• _WHAT YOU SHOULD DO_
Beginning at the top of the entries below, retype each line exactly until the line containing "Fot eines Kochs" has been written out; include no pictures and no later lines.

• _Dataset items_

- - -

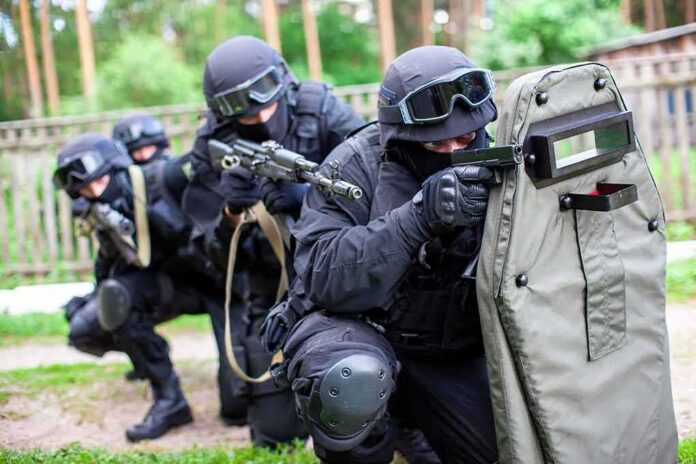 A tactical team in black gear preparing for an operation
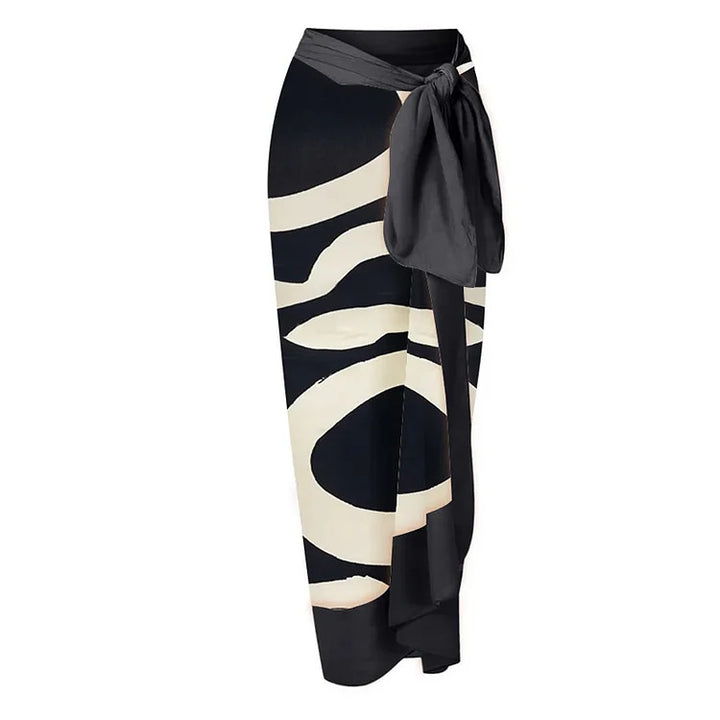 Dame bikiniset med asymmetrisk top og elegant omslagsskjørt Skovae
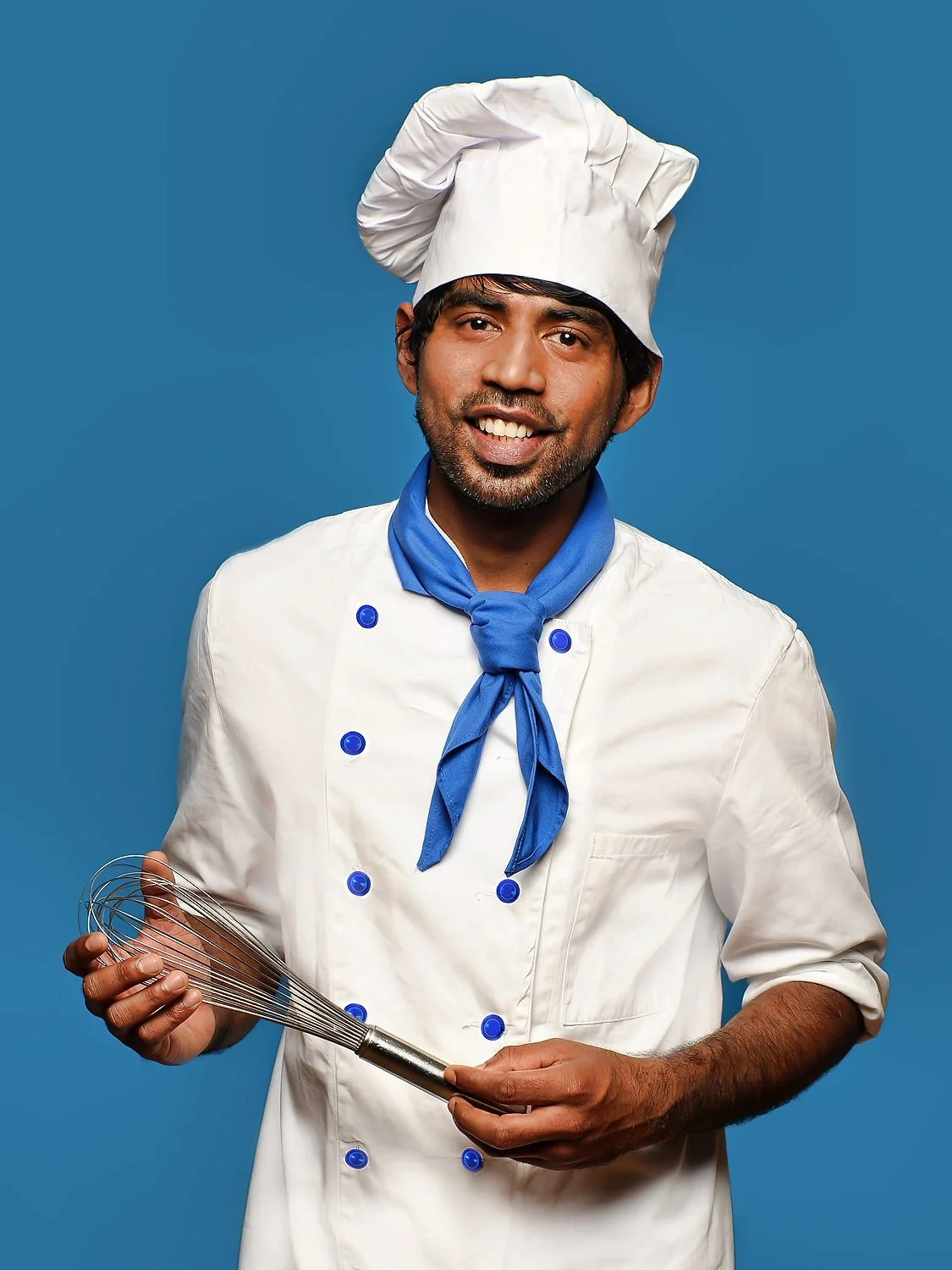 Fot eines Kochs Mit blauem Halstuch blauen Knöpfen an der Jacke vor blauem Hintergrund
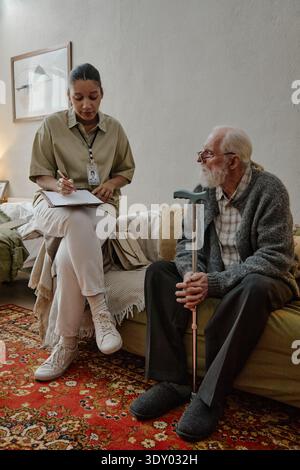 Junge Erwachsene Schwarze Sozialarbeiterin Interviewt Einen Älteren Kaukasischen Mann Stockfoto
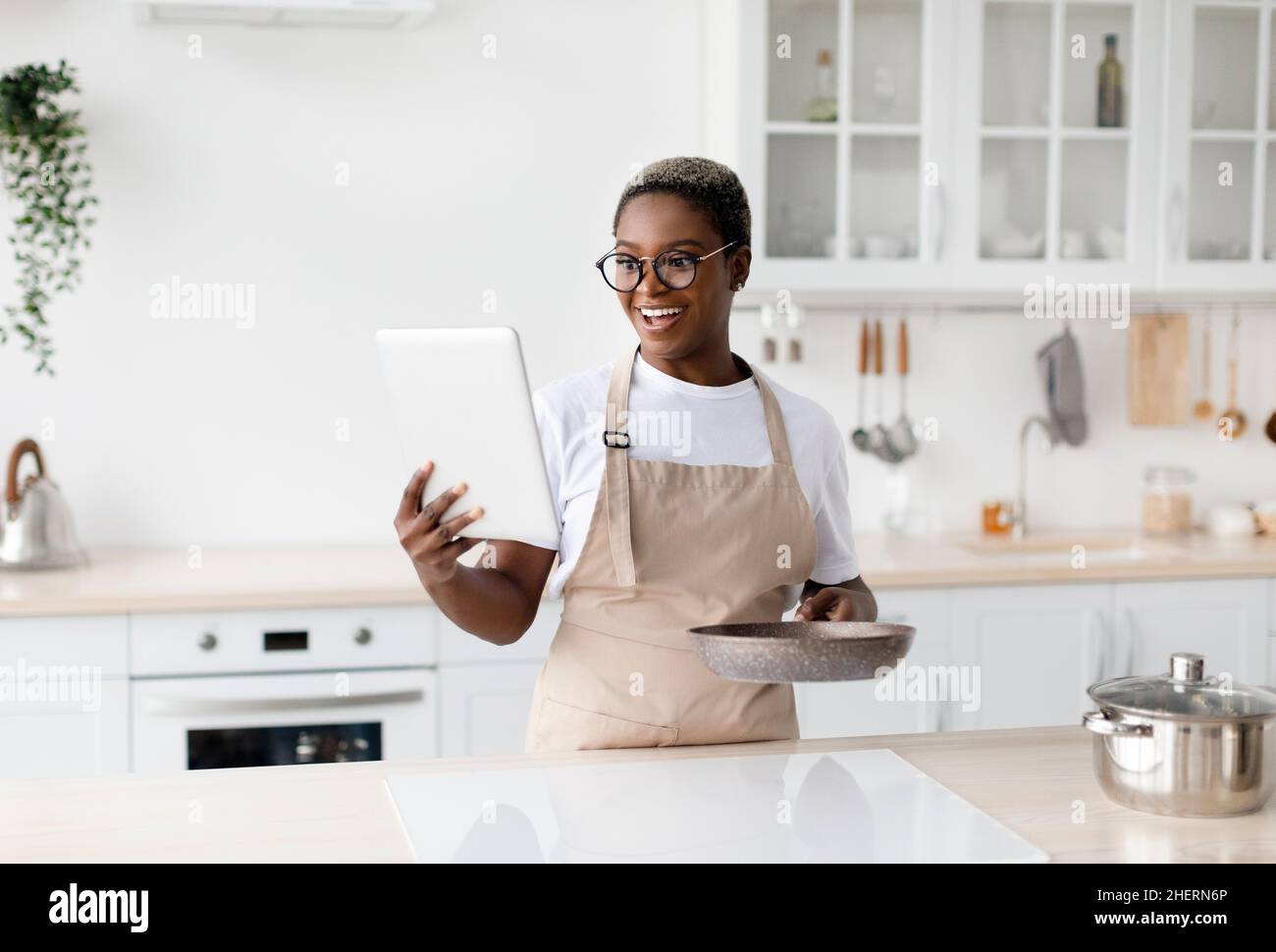 Surprise jeune africaine américaine heureuse femme en tablier et lunettes regarde la tablette et prépare le dîner Banque D'Images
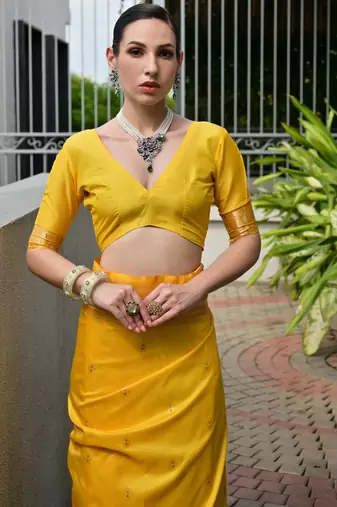 Yellow soft banarasi silk blend paithani saree with rich zari & meena woven shiny pallu zari butties & tassels
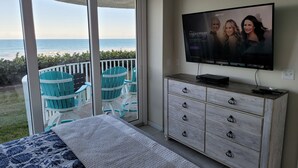 Un dormitorio con balcón, televisión y cama con colcha estampada.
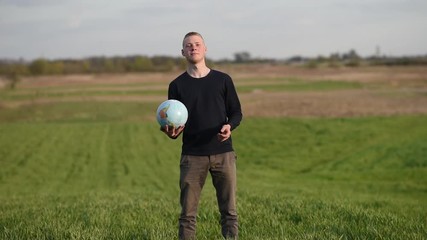 man throws earth globe in green field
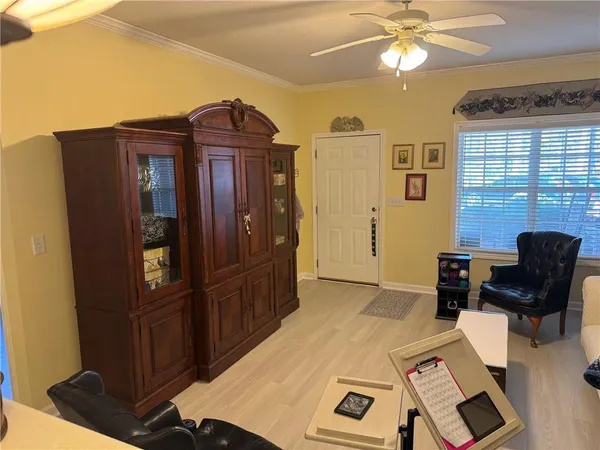 a view of a workspace with furniture and a window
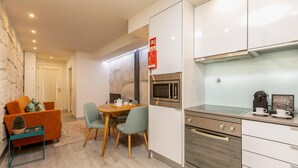 A modern kitchen with white cabinets, a built-in microwave, and a coffee machine. There is a dining area with a wooden table and chairs. - Ribeira Porto 0 in Oporto (Porto)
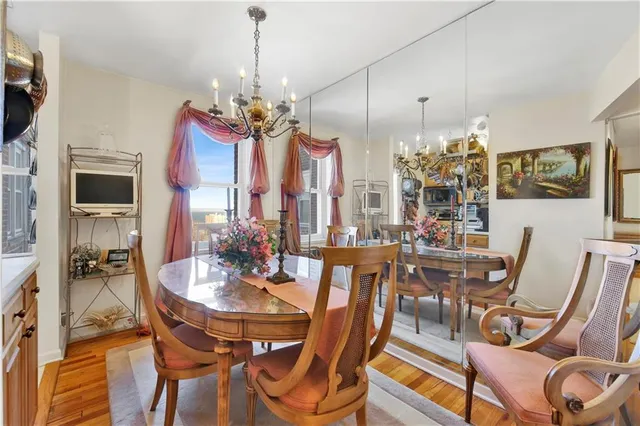 a view of a dining room with furniture a chandelier and wooden floor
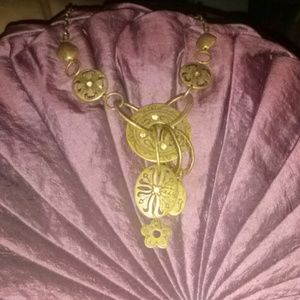 gold colored charm necklace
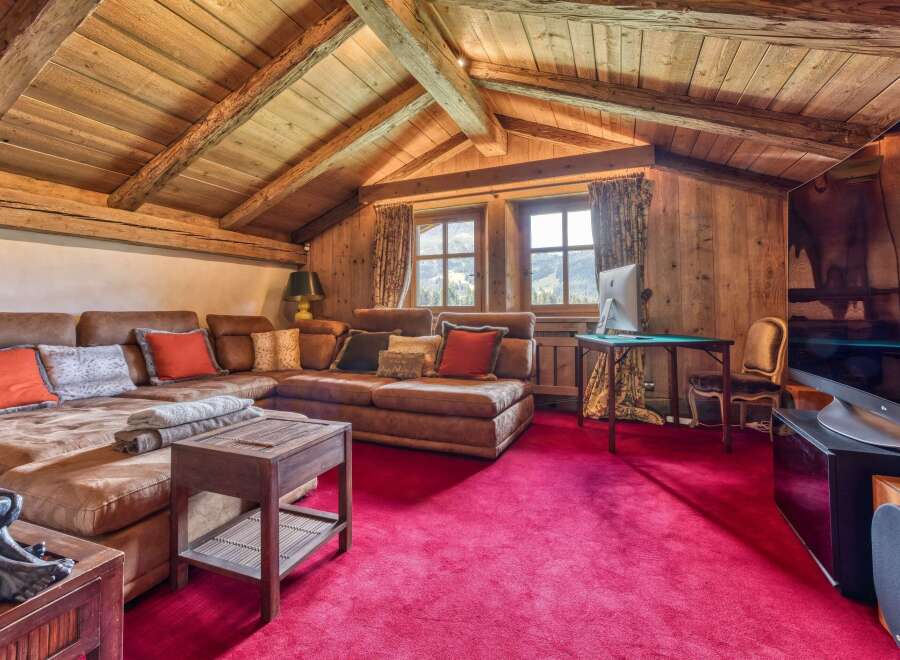 This stunning living space features a cozy, rustic design with exposed wooden beams and paneling, creating a warm and inviting atmosphere.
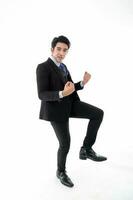 Southeast Asian young office business man wearing suit fist dance successful happy expression look at camera on white studio background photo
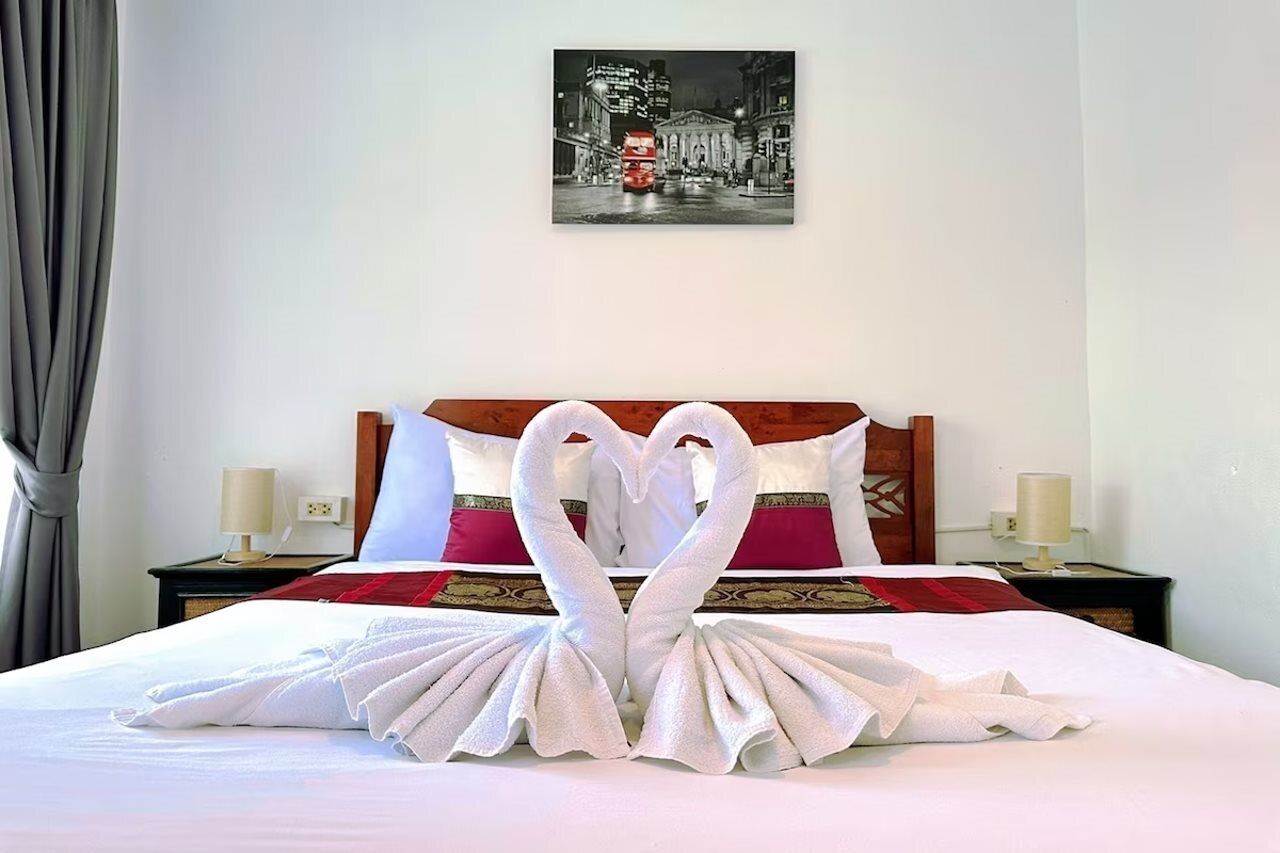 A hotel room with a neatly made bed, a heart-shaped towel arrangement, a cityscape painting on the wall, and a nightstand with a lamp.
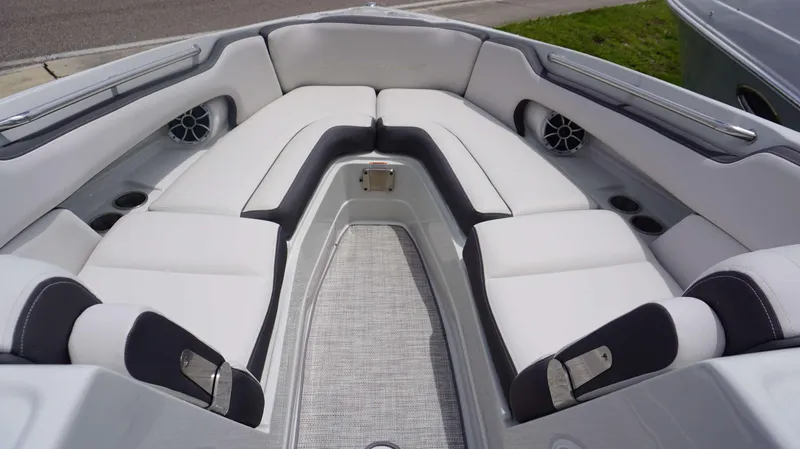 Slide: The Image of 2024 Crownline 290 XSS boat interior with white and black seating. - 7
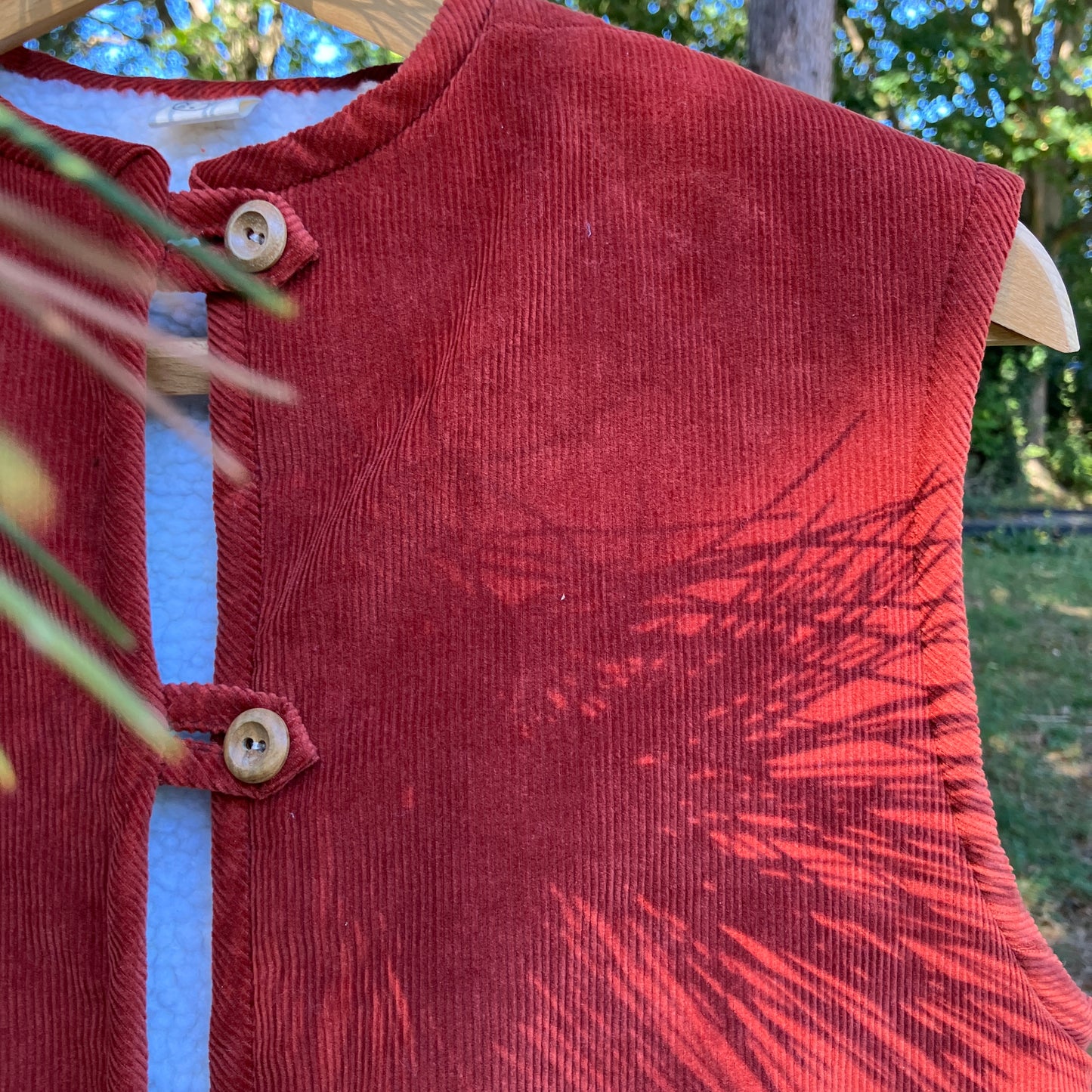 Cosy vest/waistcoat made from a secondhand remnant of rust-coloured corduroy, lined with found faux sheepskin fleece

- - -

• _RESPONSE TO THIS TASK_
 A tactical team in black gear preparing for an operation
 Dame bikiniset med asymmetrisk top og elegant omslagsskjørt Skovae
 Fot eines Kochs Mit blauem Halstuch blauen Knöpfen an der Jacke vor blauem Hintergrund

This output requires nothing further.